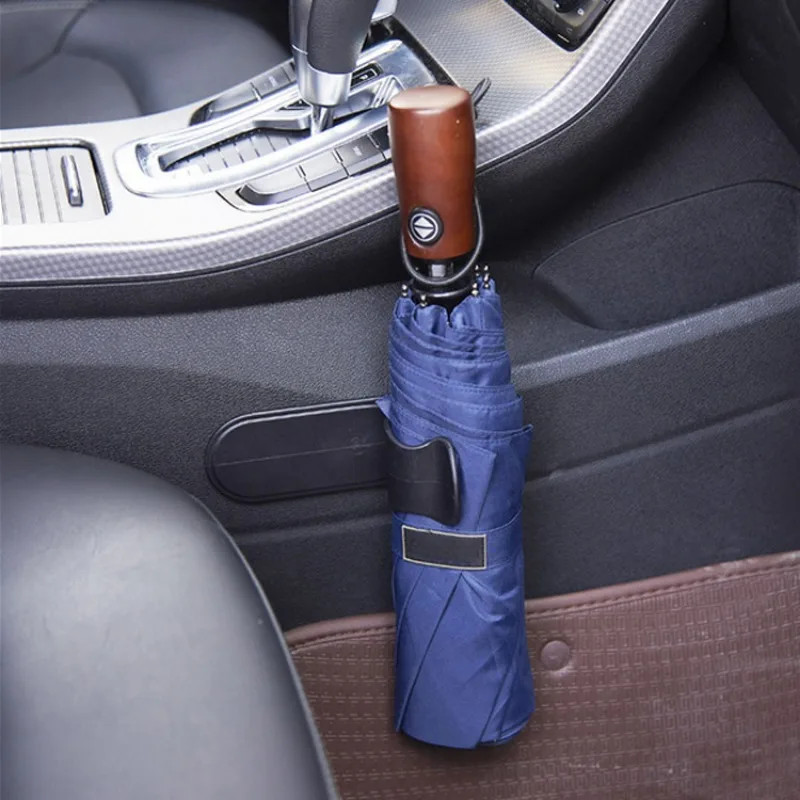 Pair Car Multifunctional Umbrella Holder Fixing Bracket Trunk Fastener Clip Hook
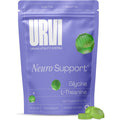 URVI® Neuro Gummies – 500Mg Glycine, 150Mg L-Theanine (High Potency), Vitamins B1 & B6 for Rest & Sleep, Relaxation, Calm Focus, Stress Relief – Caffeine- & Sugar-Free– Green Tea & Apple – 60 Count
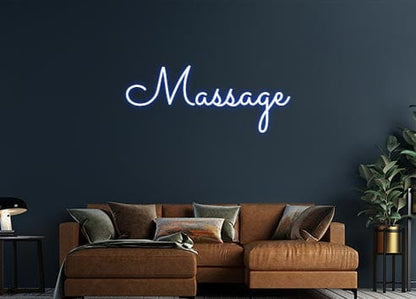 Design Your Own Sign Massage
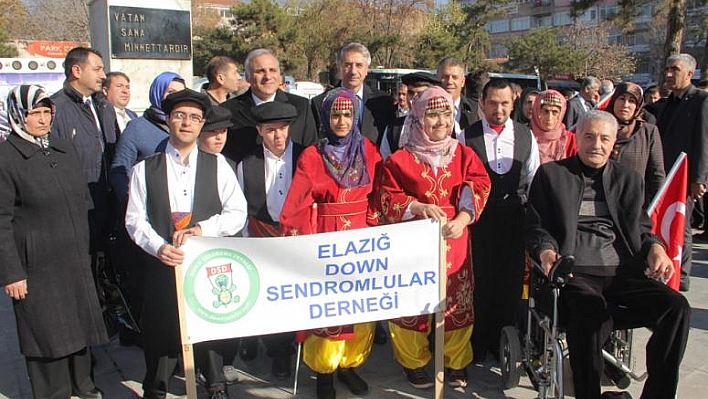 ELAZIĞ ENGELLİLER İÇİN YÜRÜYÜŞ DÜZENLENDİ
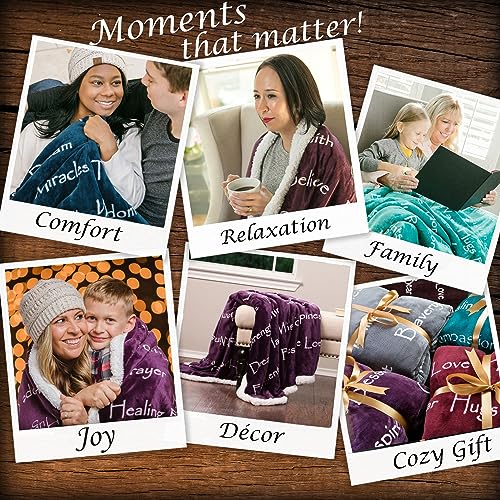 Premium Care Gift Combo with Comfort Words, 5-Piece Set, Gray - view 4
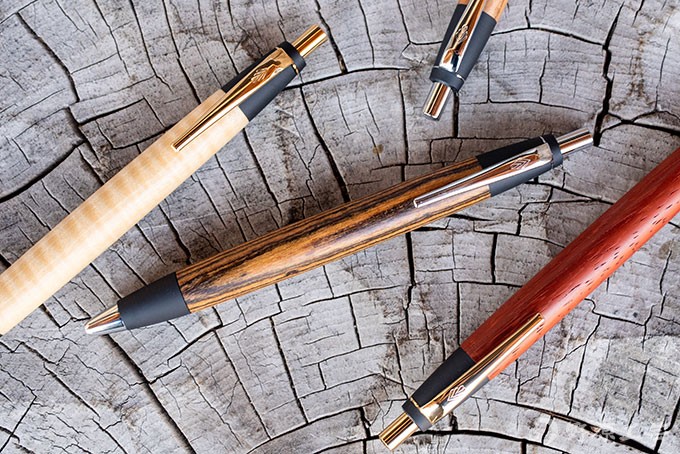 野原工芸 限定樹種 スポルテッド 栃 スタンダード ボールペン 新型 箱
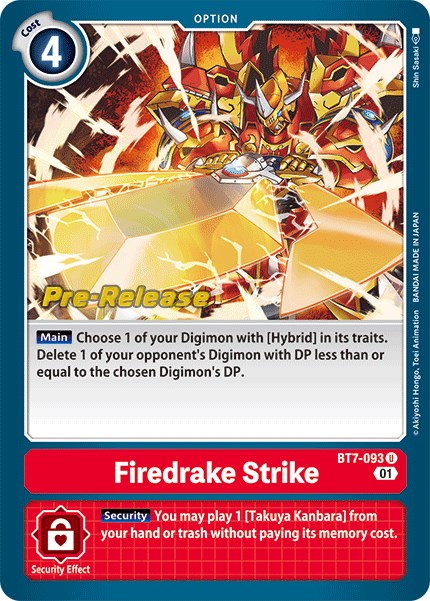 Firedrake Strike [BT7-093] [Next Adventure Pre-Release Cards] | Card Merchant Takapuna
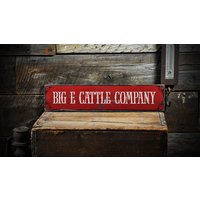 Benutzerdefinierte Cattle Company Schild - Rustikale Handgemachte Distressed Holzschild Dekorationen von TheLiztonSignShop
+===+
» **Assignment**
Beginning with the line where "ELAZIĞ ENGELLİLER İÇİN YÜRÜYÜŞ DÜZENLENDİ" appears, transcribe the records above word for word through their last line, and include no pictures.

» **Written response**
 ELAZIĞ ENGELLİLER İÇİN YÜRÜYÜŞ DÜZENLENDİ
 Premium Care Gift Combo with Comfort Words, 5-Piece Set, Gray - view 4
 野原工芸 限定樹種 スポルテッド 栃 スタンダード ボールペン 新型 箱
 Firedrake Strike [BT7-093] [Next Adventure Pre-Release Cards] | Card Merchant Takapuna
 Benutzerdefinierte Cattle Company Schild - Rustikale Handgemachte Distressed Holzschild Dekorationen von TheLiztonSignShop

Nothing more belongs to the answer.